To illustrate: Before:

  1. Write header of length 1 (to indicate length 0) + N (other bytes) and 10123014 cubes
  2. Rewrite entire file just to write a header of length M (leb128 encoding of 10123014) + N

Now:

  1. Write header of length 10 (zero, but padded) + N (other bytes) and 10123014 cubes
  2. Rewrite header to update length field (still 10 bytes, possibly padded).

I'm not sure why the format uses leb128 (just a u128 or u64 would have avoided having to do it this messily), but :shrug:

This could technically mess up implementations that don't have the read function implemented (correctly!) as we have it here, but there is nothing about leb128 encoding that says you can't do this (i.e. encoding a number with a fixed amount of bytes).

Main motivation is that I don't want to wait 2.5 hours just to see if the file I wrote for N = 16 thinks it contains 59795121480 polycubes.
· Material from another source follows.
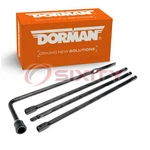 Dorman Spare Tire Jack Handle Wheel Lug Wrench For 2004-2012 Gmc Canyon Tv New. Price: $60.20.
It's especially relevant when generating new cubesets, since the whole point is that you can't keep them all in memory and there is no way to know how many there will be in advance.

datdenkikniet commented 1 year ago

Oh and the rest is for perf improvements (unbuffered writes to disk are slow) and bug fixes.

NailLegProcessorDivide commented 1 year ago

ok yep, I hadnt realised the length field was variable size, that is a choice given the file is unstoreable even close to a u64 of polycubes.

Rest of the changes look good to me.

datdenkikniet commented 1 year ago

@bertie2 I think this is ready for merge :) I have rebased the commits to clean up the history a bit (and would prefer a non-squash this time around).

I have also verified that the funky trick (ref) for getting a fixed-size header works fine with the leb128 python library, so I hope you're OK with it.

bertie2 commented 1 year ago

apologies for the delay in merging this partly life has gotten in the way, partly I have become fixated on methods for distributing the work. all looks good, and runs a good bit faster on my machine. also yes the files still seems to be compatible, I guess the python library handles extraneous blocks of zeros in case another implementation uses them. hope to get back to you soon with the V2 .pcube format asap as I know the current limitations are proving annoying.

datdenkikniet commented 1 year ago

That sounds cool! Would like to see that too, the way the DFS algorithm works seems to support distrubution well :)

Also no worries about delays, things happen I will gladly take any response, especially as quickly as 3 days! Thanks for merging.